## Dataset records
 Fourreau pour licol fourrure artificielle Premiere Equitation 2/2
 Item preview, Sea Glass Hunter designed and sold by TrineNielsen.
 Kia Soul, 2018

---

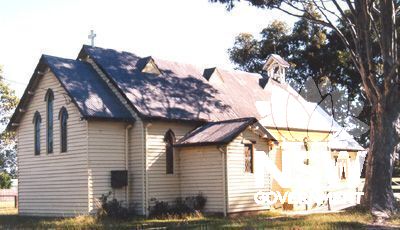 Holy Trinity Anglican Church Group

## Exercise goal
Word for word, restate the lines above from the line containing "Item preview, Sea" through the line containing "Kia Soul, 2018", with both included and nothing else.

## Result of this task
 Item preview, Sea Glass Hunter designed and sold by TrineNielsen.
 Kia Soul, 2018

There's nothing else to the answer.